- WHAT THE TASK ASKS:
Nothing but the pictures gets dropped; retype every entry exactly.

(Image-text web data)
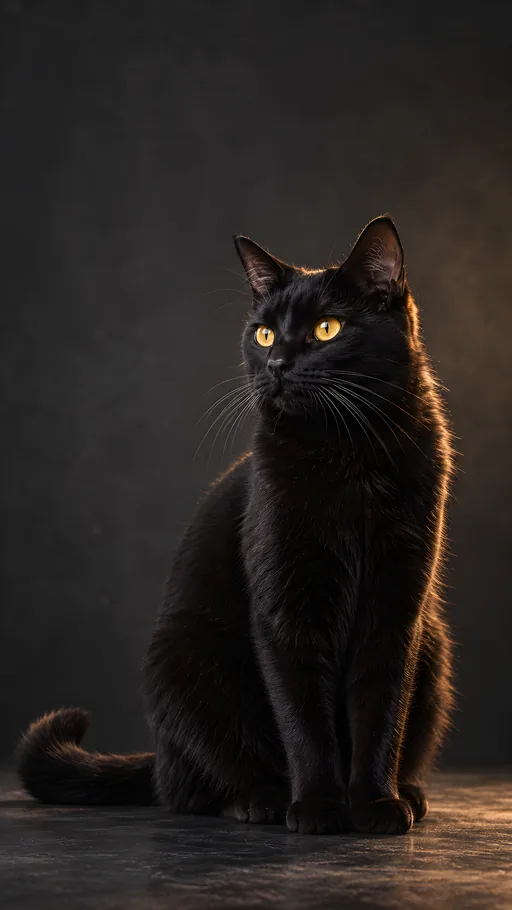 Gold-Eyed Black Cat — Pets wallpaper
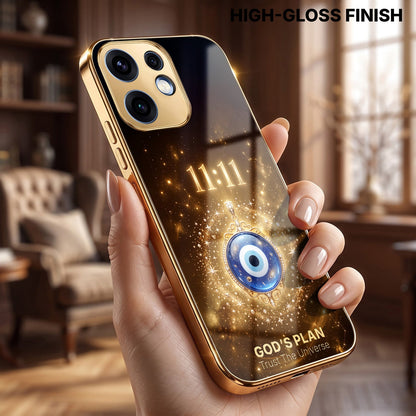 Oppo Reno 16 5G God’s Plan Evil Eye Gold Electroplated Glass Phone Back Case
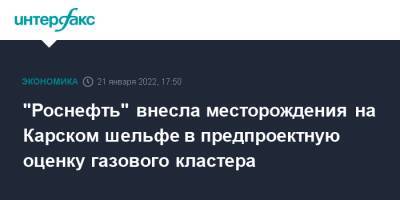 "Роснефть" внесла месторождения на Карском шельфе в предпроектную оценку газового кластера - interfax.ru - Москва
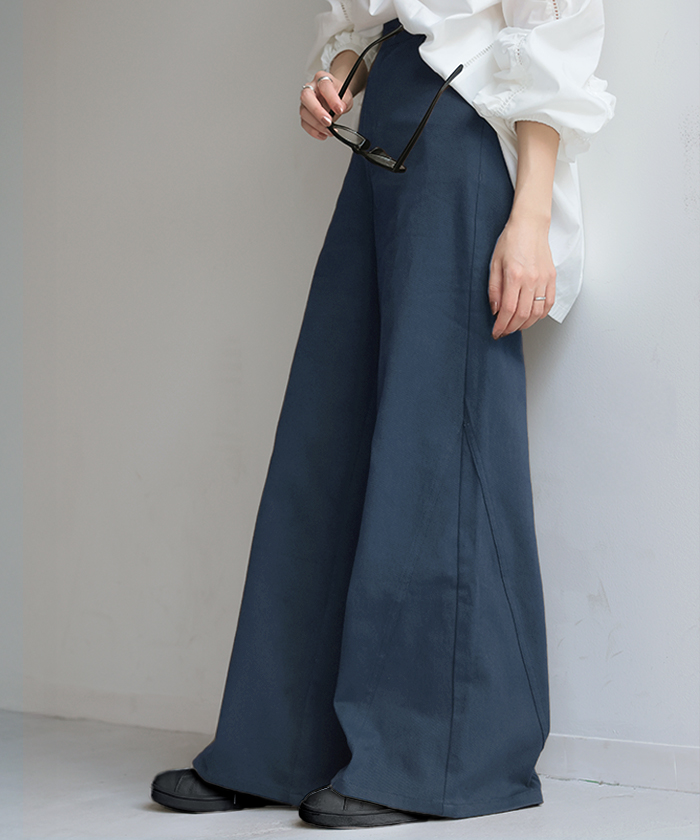 パンツ ワイド レディース 選べる 丈 バギー ワイドパンツ 綿 混 ロング ロングパンツ チノパン 体型カバー ボトムス ボトム ストレート ズボン ゆったり | HUG.U | 04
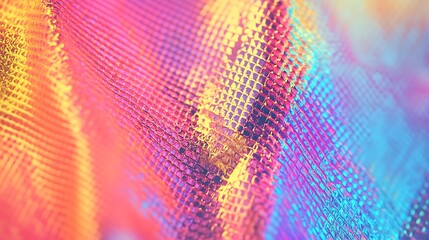 Poster - Vibrant abstract texture showcasing colorful mesh fabric with shimmering light reflections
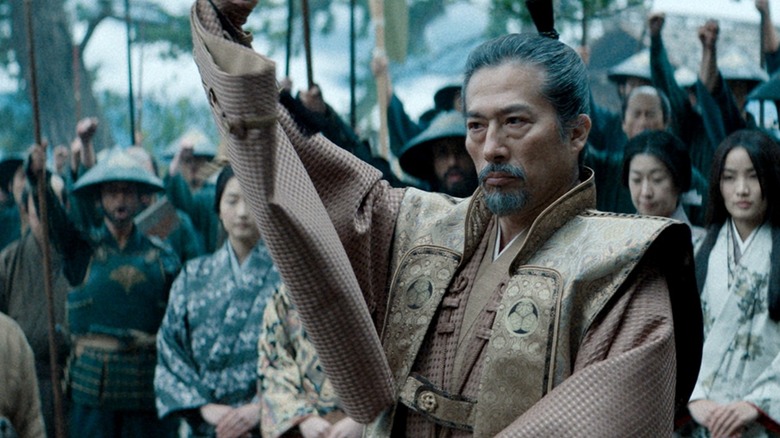 Toranaga stands in front of a crowd of warriors on Shogun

- RESPONSE BOX:
 Gold-Eyed Black Cat — Pets wallpaper
 Oppo Reno 16 5G God’s Plan Evil Eye Gold Electroplated Glass Phone Back Case
 "Роснефть" внесла месторождения на Карском шельфе в предпроектную оценку газового кластера - interfax.ru - Москва
 パンツ ワイド レディース 選べる 丈 バギー ワイドパンツ 綿 混 ロング ロングパンツ チノパン 体型カバー ボトムス ボトム ストレート ズボン ゆったり | HUG.U | 04
 Poster - Vibrant abstract texture showcasing colorful mesh fabric with shimmering light reflections
 Toranaga stands in front of a crowd of warriors on Shogun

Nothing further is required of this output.